The feature story by Li Chao, noted automotive writer, is interesting reading in understanding the strategy of BYD Automobile.

Powered by a 1.0L engine with 50 kW of power and 90 Nm of torque, the 5-speed A00-Class car has a price tag of ¥36,900-¥46,900 ($5,426-$6,897), much lower than the expected ¥45,800-¥55,800.

In just a few years, BYD, the world’s leading rechargeable battery manufacturer and IT parts and components maker, has created some kind of a sensation in China’s auto market by launching independently designed cars that claim to offer premium equipment and performance at often unbelievable low prices.

As described by a senior sales executive at BYD, over the past three years the company has brought out three car models of different segments that are meant to give its competitors a “hit on the waist, a punch on the chest and a floor sweep kick on the leg.”

BYD was able to sell 100,000 units of the A-Class F3 in less than two years since it was launched. Its B-Class F6 has been launched targeting directly at mid-level sedans and is priced at about half of the price of a Camry or Accord, claiming to offer consumers “the Camry experience for the price of an Excelle.”

The A00-Class F0 is now positioned to clench a significant piece of the mini car market with projected monthly sales of 8,000-10,000 units.

As the world’s only manufacturer of both batteries and cars, BYD is obviously playing a different game compared with both multinational automakers and other local independent manufacturers.

The company has both a dream and a mission: to become a market leader in pure electric vehicles in the future.

BYD has decided to go with plug-in hybrid electric vehicles (PHEVs) as a transitional stage on its road to pure electric cars.
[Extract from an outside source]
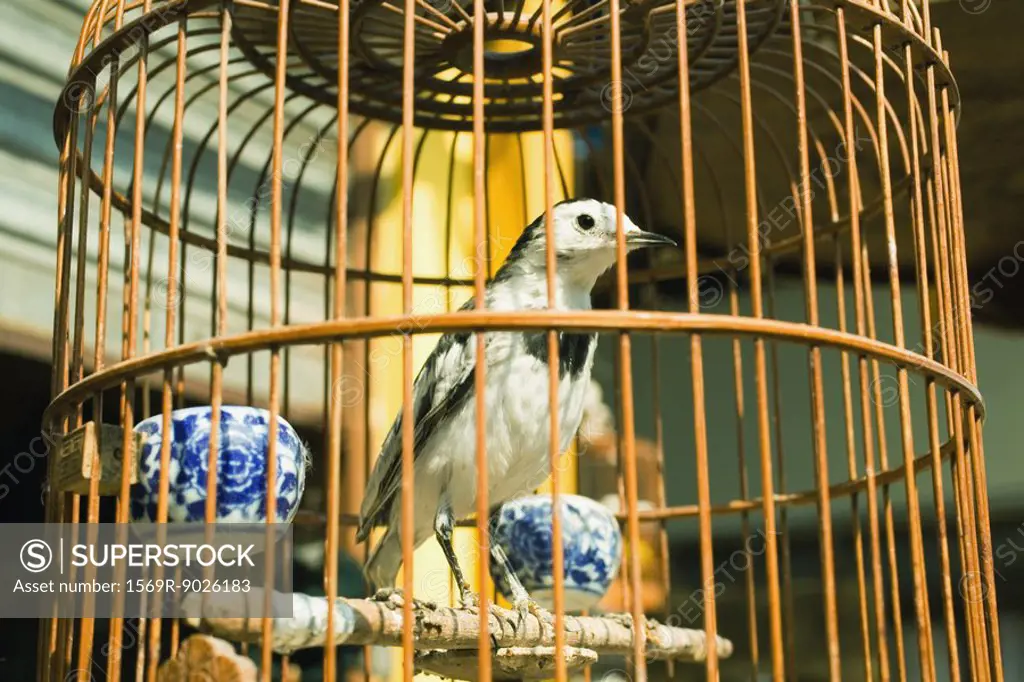 Bird in birdcage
For this purpose, BYD is trying to combine the best of technologies in both traditional IC engine and powertrain development and battery technologies in bringing out its so-called dual mode PHEV. The F3, F6 and F0 will eventually all be converted into a dual mode model powered by batteries and a 1.0L engine.
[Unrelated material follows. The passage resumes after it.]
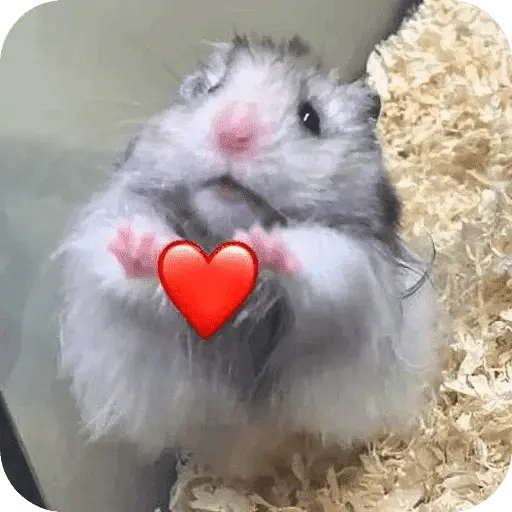 Hamster lindos para el chat💕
BYD is playing a different game in terms of cost structure, management model and focus on developing core technologies. The cost for developing car models at BYD, according to senior executives, is only 50 percent of that of multinational automakers. The cost of dies at its own facility in Beijing is only one-third of the industry average.

And then consider its pricing strategy of setting the per-car profit margin for the F0 to below ¥1,000, a first in China.